Homeless person updates!
Yesterday I saw the most vain homeless woman in all my years of living. She was dressed in that “hobosexual” style – tattered goose down jacket, suggestively unzipped to mid-torso; tight-ass jeans; paper bags on her feet, from Victoria’s Secret – and she was preening herself at a plate-glass storefront. Because the store had gone out of business, and its lights were out, the window’s surface really gave the homeless woman’s reflection a smoky allure. The homeless woman was squirting some kind of “found” hair product into her plentiful naps. With each application of the product, she carefully ironed the ends of her hair between her hands, forming her hairstyle into a stiff, cracked platter, like the crown of a Portobello mushroom. So stuck-up, right?
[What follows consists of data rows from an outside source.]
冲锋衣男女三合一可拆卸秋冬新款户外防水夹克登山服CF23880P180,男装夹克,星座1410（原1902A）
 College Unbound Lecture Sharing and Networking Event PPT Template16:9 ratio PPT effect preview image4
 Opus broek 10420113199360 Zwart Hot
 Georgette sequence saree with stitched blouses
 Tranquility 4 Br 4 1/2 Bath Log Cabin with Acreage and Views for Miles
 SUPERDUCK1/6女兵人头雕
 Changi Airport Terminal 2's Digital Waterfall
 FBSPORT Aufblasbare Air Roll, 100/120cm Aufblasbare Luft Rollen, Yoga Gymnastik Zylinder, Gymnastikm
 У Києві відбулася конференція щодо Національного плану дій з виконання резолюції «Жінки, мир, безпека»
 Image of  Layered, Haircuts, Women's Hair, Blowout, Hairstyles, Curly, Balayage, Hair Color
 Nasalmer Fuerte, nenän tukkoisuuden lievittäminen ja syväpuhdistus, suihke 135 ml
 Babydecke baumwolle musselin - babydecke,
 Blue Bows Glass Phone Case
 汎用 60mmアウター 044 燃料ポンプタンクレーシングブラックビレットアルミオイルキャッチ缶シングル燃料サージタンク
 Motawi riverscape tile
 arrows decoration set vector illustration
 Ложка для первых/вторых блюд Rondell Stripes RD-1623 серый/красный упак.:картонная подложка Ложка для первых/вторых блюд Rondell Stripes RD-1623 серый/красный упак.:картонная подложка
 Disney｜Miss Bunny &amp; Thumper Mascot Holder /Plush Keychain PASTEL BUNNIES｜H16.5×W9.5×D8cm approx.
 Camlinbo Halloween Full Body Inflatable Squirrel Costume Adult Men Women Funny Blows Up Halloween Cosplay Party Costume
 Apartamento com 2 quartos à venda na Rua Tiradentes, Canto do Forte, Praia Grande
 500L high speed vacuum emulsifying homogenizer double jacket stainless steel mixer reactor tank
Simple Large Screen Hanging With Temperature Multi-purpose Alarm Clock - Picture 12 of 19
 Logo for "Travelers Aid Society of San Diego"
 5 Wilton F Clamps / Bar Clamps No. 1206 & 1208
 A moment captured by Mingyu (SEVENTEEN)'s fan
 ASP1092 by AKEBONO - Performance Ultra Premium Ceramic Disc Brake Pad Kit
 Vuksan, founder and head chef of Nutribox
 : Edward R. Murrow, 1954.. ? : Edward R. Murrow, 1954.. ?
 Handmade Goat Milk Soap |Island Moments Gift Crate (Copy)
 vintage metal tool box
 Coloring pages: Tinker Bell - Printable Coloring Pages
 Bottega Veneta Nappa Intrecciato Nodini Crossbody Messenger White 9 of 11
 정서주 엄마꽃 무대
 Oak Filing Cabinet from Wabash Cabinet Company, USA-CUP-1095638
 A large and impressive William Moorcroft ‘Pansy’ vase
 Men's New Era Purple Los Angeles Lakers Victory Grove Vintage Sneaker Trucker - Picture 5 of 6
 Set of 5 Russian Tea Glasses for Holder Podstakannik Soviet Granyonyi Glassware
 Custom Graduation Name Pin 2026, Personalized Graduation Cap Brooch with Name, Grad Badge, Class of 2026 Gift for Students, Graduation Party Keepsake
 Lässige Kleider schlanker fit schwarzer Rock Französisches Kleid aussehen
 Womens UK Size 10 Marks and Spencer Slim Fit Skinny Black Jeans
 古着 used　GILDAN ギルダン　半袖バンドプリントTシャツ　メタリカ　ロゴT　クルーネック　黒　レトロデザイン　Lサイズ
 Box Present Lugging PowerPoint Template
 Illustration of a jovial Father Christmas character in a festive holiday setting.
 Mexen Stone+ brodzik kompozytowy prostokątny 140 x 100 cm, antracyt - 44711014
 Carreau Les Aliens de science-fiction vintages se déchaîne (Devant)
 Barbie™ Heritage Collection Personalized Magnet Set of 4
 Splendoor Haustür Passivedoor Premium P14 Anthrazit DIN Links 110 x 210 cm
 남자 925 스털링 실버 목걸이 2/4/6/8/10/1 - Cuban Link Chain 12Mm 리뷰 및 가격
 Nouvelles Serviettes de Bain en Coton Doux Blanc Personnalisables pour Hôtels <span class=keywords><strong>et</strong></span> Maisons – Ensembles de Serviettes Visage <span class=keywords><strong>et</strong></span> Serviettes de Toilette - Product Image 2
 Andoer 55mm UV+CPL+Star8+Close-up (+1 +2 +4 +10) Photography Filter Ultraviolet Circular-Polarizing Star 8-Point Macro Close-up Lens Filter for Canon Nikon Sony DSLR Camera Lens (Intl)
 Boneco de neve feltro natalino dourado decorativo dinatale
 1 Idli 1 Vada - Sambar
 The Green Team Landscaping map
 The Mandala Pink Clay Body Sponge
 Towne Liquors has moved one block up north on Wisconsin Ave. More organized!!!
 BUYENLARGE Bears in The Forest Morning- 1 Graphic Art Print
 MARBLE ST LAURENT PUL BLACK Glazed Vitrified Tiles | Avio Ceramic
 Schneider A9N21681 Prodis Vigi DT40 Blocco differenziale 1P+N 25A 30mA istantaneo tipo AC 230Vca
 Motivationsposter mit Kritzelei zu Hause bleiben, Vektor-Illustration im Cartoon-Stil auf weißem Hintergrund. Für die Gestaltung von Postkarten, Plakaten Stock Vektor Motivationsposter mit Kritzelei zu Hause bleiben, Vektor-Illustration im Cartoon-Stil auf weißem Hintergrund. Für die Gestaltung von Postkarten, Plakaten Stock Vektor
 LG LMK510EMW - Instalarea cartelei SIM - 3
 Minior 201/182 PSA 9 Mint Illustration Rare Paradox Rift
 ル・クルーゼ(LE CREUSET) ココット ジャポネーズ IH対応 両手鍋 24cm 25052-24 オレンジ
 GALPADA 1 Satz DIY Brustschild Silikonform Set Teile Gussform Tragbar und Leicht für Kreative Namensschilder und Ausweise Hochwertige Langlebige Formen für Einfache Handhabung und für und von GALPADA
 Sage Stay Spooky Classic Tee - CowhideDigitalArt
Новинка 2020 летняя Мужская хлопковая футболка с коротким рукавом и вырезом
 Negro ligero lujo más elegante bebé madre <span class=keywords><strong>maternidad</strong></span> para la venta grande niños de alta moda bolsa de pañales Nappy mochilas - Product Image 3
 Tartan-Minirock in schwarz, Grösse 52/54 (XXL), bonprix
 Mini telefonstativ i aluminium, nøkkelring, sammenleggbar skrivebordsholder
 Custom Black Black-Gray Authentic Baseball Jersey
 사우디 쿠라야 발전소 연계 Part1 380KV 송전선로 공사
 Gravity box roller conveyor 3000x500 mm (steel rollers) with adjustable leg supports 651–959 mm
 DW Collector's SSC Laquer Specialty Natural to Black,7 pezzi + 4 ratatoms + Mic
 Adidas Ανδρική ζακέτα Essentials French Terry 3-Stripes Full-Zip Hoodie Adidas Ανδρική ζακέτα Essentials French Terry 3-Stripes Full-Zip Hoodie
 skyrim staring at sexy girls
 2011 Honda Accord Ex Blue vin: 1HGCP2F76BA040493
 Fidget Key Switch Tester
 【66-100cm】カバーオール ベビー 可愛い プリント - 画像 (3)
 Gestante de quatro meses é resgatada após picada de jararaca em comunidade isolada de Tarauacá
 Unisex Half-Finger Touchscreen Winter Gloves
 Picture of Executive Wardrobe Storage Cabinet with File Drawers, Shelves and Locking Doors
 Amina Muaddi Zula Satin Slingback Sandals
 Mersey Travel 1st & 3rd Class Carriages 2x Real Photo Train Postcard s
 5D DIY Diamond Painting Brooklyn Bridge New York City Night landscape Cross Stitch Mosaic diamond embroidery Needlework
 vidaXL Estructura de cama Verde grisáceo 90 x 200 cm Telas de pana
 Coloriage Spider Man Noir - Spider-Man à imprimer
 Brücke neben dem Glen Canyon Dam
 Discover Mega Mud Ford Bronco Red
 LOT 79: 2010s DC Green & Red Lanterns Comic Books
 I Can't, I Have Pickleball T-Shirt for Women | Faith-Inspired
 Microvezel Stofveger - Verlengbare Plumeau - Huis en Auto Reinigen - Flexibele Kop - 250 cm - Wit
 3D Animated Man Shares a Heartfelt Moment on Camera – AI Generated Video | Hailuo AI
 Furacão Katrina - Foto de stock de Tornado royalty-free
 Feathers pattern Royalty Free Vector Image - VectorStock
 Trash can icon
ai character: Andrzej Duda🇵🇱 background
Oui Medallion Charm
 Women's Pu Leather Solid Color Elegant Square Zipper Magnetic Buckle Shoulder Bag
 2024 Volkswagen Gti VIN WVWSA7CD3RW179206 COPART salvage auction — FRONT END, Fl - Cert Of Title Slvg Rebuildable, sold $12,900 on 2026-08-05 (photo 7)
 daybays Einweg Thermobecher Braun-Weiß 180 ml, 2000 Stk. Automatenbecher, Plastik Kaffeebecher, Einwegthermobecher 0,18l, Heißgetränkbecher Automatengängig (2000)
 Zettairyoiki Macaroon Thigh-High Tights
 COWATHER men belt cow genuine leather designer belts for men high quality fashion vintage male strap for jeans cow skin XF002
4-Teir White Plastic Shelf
As I passed, she didn’t even take the time to turn around and face me. She just caught me in the background of her reflection and asked for some money. When I wondered out loud what she’d use the money for, the homeless woman rolled her eyes, lowered her lids, and said, “my baby needs microdermabrasion.” Baby, you’re so vain you probably think this entry is about you.
Less recently, I was in my neighborhood, talking to a panhandler I’ve nicknamed “Tax.” We exchanged a few pleasantries, and he pretended to promise that he’d attend one of my future stand-up shows, and I pretended I’d hold him to his promise. Then, he held on to me a little longer and said, “You know that guy, Mike, who’s always out here? The skinny one?”
I took a mental inventory of all the recurring homeless people in my neighborhood. “The one with the eye patch?”
“Nah, that’s Kyle?”
“The guy with the new sneakers?” No. “Black Popeye?” No, man. “Oh! That skinny guy who always looks like shit is just going to fall off him with every step he takes?”
“Yeah, man! That’s Mike! Well, he died.”
Mike was one of the most bedraggled characters in my neighborhood. I’ve previously referred to him as “Sometimes Dirty,” because you just never knew what kind of state you’d find him in from day to day. The last few months found him on a consistent low i.e. a consistent high. He was often too disassociated to even remember to ask for money, or to find a paper cup in which to collect it. I saw him nodding off on the benches at our subway stop. And now, according to Tax, Mike had given up his life on the tracks, beneath an oblivious Q Train.
“I heard he was pushed,” Tax added.
It was at this moment that I realized, while I know nothing of New York’s celebrated socialites, and Page Six reports and Gawker posts are usually just a fuzzy, confusing jumble of words to me, somehow I have gotten my ear very close to the ground with matters of rumor-mongering within transient circles. I feel terrible about Mike, but I found it interesting that Tax not only was certain I’d know him, but wanted to make sure I knew all the gossip circulating around Hobo Junction. Does Street News have an equivalent of Page Six? Does Street News even have six pages?
I thanked Tax sincerely for the information and then, as I was trying to push past him into a corner store, he grabbed me once more and asked, “Hey man, can you help me out with a little extra tonight? I gotta buy my lady some hair product. That woman is boughetto, man.”